I used to think that knowing a lot about tech made me cool or special, in some way, so I forced myself to read a lot of magazines on science and technology so I could “keep up.” It seems that having a bunch of current “technological tidbits” at my fingertips made me feel like I had something to say. Heaven forbid that I actually share something about myself or listen to what the other person had to say. Now I realize that I tended to hang out with people that did the same time as I did, talking only about stuff “out there.” I did it because I was uncomfortable talking about anything else. I didn’t think that my life was interesting and other people’s lives made me jealous, angry or depressed. No wonder I always had dysfunctional relationships.

I am trading sessions with another practitioner this weekend. I was disappointed with my session, I didn’t get to the answers I was hoping for. I did see an interesting “past life:” but wasn’t able to reach the subconscious and get any clear answers to my questions. I’m constantly blocking myself and this truly seems to be a theme of my life.

The “past life” took place on some other planet and I was humanoid, but not human. I was very tall and thin and wore a dark blue, suit-like thing. It resembled a stylized business suit, but I had the impression that it was more than just a covering, that it helped me maintain my shape, in some way. There were a few scenes with parts of the suit removed, and the body seemed like a blob that couldn’t hold it’s shape.

All the scenes took place on a kind of platform, high in the air, that stuck out from the side of some dark, cliff-like thing I that never really got a good look at. These images seemed stylized, almost like colored pencil sketches around the edges. The platform had no straight lines or any consistent curves, it’s outline resembled a stylized flame, with the tip of the flame pointing a way from the cliff. The surface of the platform wasn’t very flat, it was shaped somewhat like a frozen wave. Near the end of the platform was a fairly ordinary upholstered chair, with something like a skeletal end table/lamp nearby. 

I saw most of this from the outside. It’s like there were two somebodies: One doing the stuff and me watching. We both looked the same, though it seemed that I was larger. It seemed that I was both watching and being the other being. I could feel what he was feeling and know what he was thinking, but partially from the inside and mostly from the outside. Hey, I was beside myself!

At first, I was standing near the base of the platform, looking out at the chair, and past that into a hazy-cloudy vastness. I/he went and sat in the chair. He could control what he was seeing out beyond the platform. I don’t know how, there were no controls of any sort, I knew that he could. He was looking at rolling agricultural fields with scattered houses. He had some kind of job to do that partially related to the weather. 

My memory is a bit fuzzy here, but there was a scene where he was sitting on the edge of the platform, dangling his legs over the edge, and watching thick, billowy, clouds. There was no sky visible, just clouds, ranging from light gray to dark. 

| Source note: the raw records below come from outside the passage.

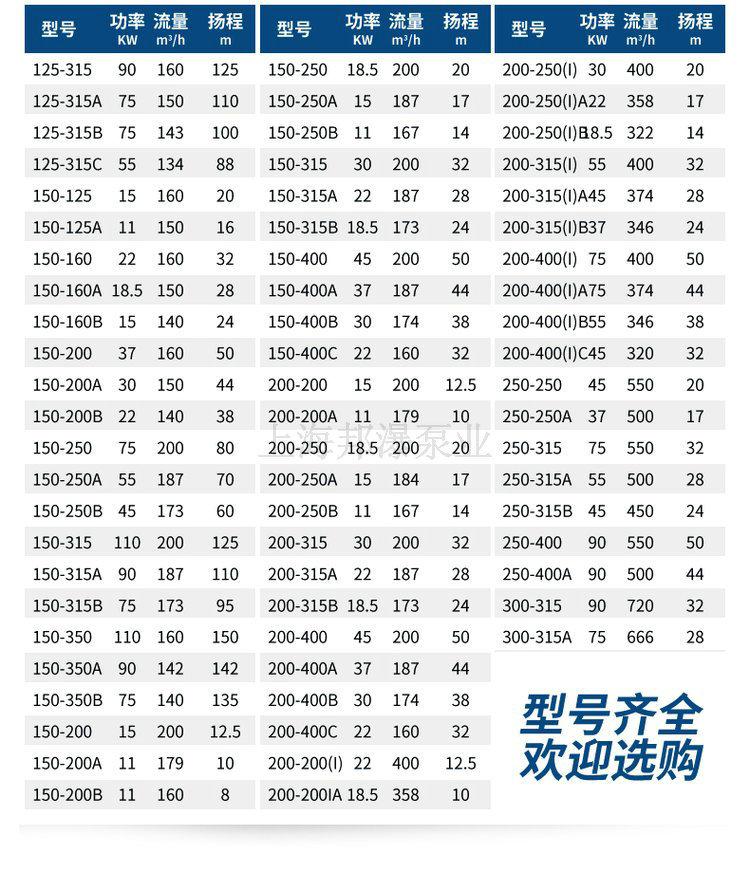 管道泵型号表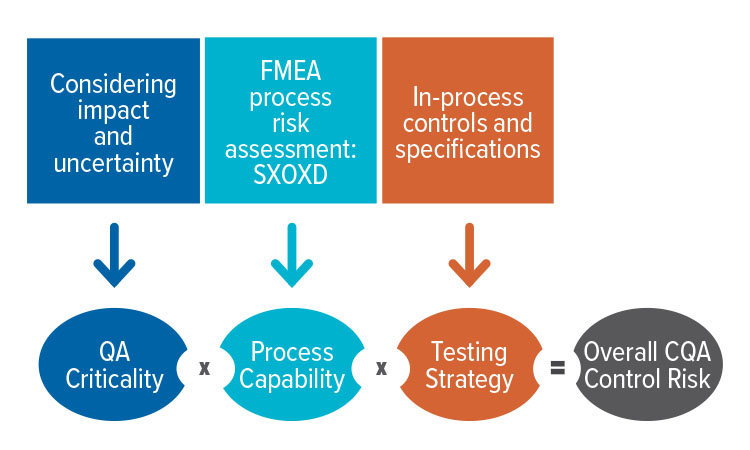 Figure 6: CQAs and process capability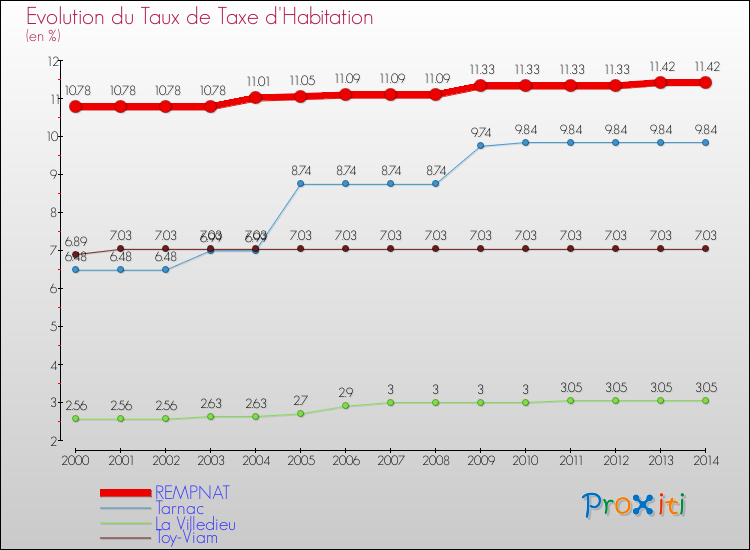 Evolution du taux de la taxe d'habitation pour REMPNAT et les communes proches de 2000 à 2014 Comparaison des taux de la taxe d'habitation pour REMPNAT et les communes voisines de 2000 à 2014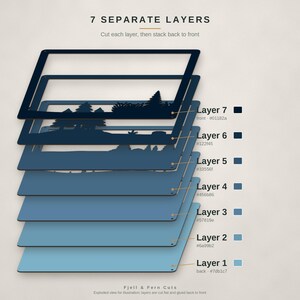 May include: An exploded view diagram showing 7 separate layers for a craft project. The layers feature a landscape silhouette with trees and hills, transitioning from dark navy to light blue. Text includes 7 SEPARATE LAYERS, layer labels, hex codes, and Fjell & Fern Cuts.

The final scene had fire. I couldn’t see much more than an angry glow and a few glimpses of bright flame, the smoke was too thick. He was on the edge of the platform, watching, feeling remotely sad and like a failure. He was feeling like he’d had one purpose and he’d blown it, but the feelings weren’t all that strong. But still, there was a feeling of emptiness, and pointlessness to it all.

I disappointed with the rest of the session. I couldn’t get a purpose or a lesson from that life, and the subconscious wouldn’t come through. Looking at it now, I’m a little surprised that the lesson has nothing to do with failure, but revolves around being alone, and doing “it” all by myself, Never asking for help, reluctantly accepting help or assistance, no matter how much I need it, and believing that I’m “not good enough” unless I can do it all by myself. Wow. Never really brought that into focus before. I’m going to have to ponder that and see what comes out of it.

In a few months I will be living alone, for the first time in my life, if roommates count. Clearly a new experience. In a way, I’m already living it now. Knowing it’s coming is already putting me in that space. Now I get the feeling that a bad relationship is better than being alone. I hope this will pass soon. I don’t need to feel isolated, it’s just that the reality’s sunk in and it’s going to take some time to get used to. Having a job will help to give me some sense of purpose and a sense of self worth. Transitions are always hard, no matter how positive they eventually turn out to be. I’ve heard about this stuff forever, but this is the first time I’ve been self-aware enough to see what’s happening as I’m going through it. 

The past two years have been good preparation. I’ve been finding new interests and making new friends, getting out and doing stuff. I used to be such a homebody. Now I won’t be stuck by myself 24/7, but I’m going to have to make some choices soon, as my current path is not sustainable. Once I find my new direction, I will probably have to rearrange, or give up, some things that I like. I suppose that’s a good thing, that there are enough good things in my life that I don’t have room for all of them at once, but it’s more change.


Perhaps I should truly take the lesson of that “past” life to heart: Ask for help, accept help, accept assistance in small ways and large ones. I have this thing about not being a bother, I don’t want to annoy anyone, that asking to hang out or something, is being a stalker, or weird, or just plain awkward. Now I get to spend the next period of my life figuring out how all that works. It could be worse: It could be raining.